Salt and Sanctuary - Recensione
Well, Ska Studios, while remaining a team of two people and very few collaborators, has evidently made great strides in these seven years, given that from the crazy I MAED and so on (which, however, I do not deny, at the time he captured me for his madness and the song of the soundtrack - listen to it above), we arrived today at Salt and Sanctuary, a production however limited to the few resources of the developers, but much more substantial than the previous games of James and companions (including The Dishwasher and Charlie Murder).
Salt and Sanctuary, already available for PS4 at a price of 17.99 euros and sooner or later also coming to PC and PS Vita, is a game that has managed to strike me in the heart, and the reason is very simple. It is a 2D reinterpretation of the soulslike genre, or the type of games that most fascinates me in these years. As if that were not enough, the elements inspired by Dark Souls and the other games of this wonderful sub-genre of Action RPG are, in Salt and Sanctuary, installed in another structure that I have always loved: that of metroidvania, or action games two-dimensional strongly inspired by classics such as Metroid and Castlevania.

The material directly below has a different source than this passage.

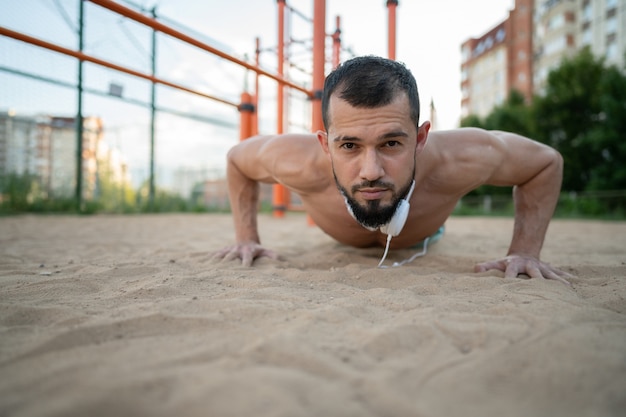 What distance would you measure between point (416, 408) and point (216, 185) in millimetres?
10629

The game has a not really exceptional graphic design, very simple from a technical point of view and not very inspired from an artistic point of view. The graphic style adopted is not the best, especially if you compare it with that of other indie productions (or in any case with that of other games in the same price range), but it is not bad either. And most importantly, for the soulslike enthusiast it will go into the background very quickly.

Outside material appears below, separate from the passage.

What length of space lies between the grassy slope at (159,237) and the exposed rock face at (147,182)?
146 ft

From the beginning, in fact, Salt and Sanctuary tests the player with his decidedly demanding degree of challenge, just like that of the games he is inspired by, and gratifies him with an infinite series of references to Miyazaki's works. Quotes that emerge from almost all aspects of the title and that will make soulslike lovers feel completely at home.
The creation of the character recalls in an almost shameless way that of Dark Souls, giving a very clear indication of how much SnS wants to be a tribute to the From Software games. The eight available classes (Knight, Magician, Paladin, Thief, Cook, Cleric, Beggar and Hunter) guarantee a very good variety of game styles and, as anyone would now expect to read, are clearly simple routes, which do not exclude the possibility of develop the character by mixing characteristics of different classes.
Be careful, though. Here is a first interesting difference with the soulslike of From Software. The development of the character, in Salt and Sanctuary, is entrusted to an interesting spherography that recalls in all respects that of Final Fantasy X. It can therefore vary on characteristics of different nature, but it must be done by following fairly precise paths. The starting point in the spherography is central and allows you to go in all directions immediately: on the left the magic section, on the right the part relating to the enhancement of the healing arts and at the top all the facets of physical combat. The class chosen in the character creation phase carries some skill points already spent, but the subsequent development is up to the player only, who theoretically has the full possibility, on the way, to transform his initial cleric into a berserker. Or to create a magician capable of wearing heavy armor.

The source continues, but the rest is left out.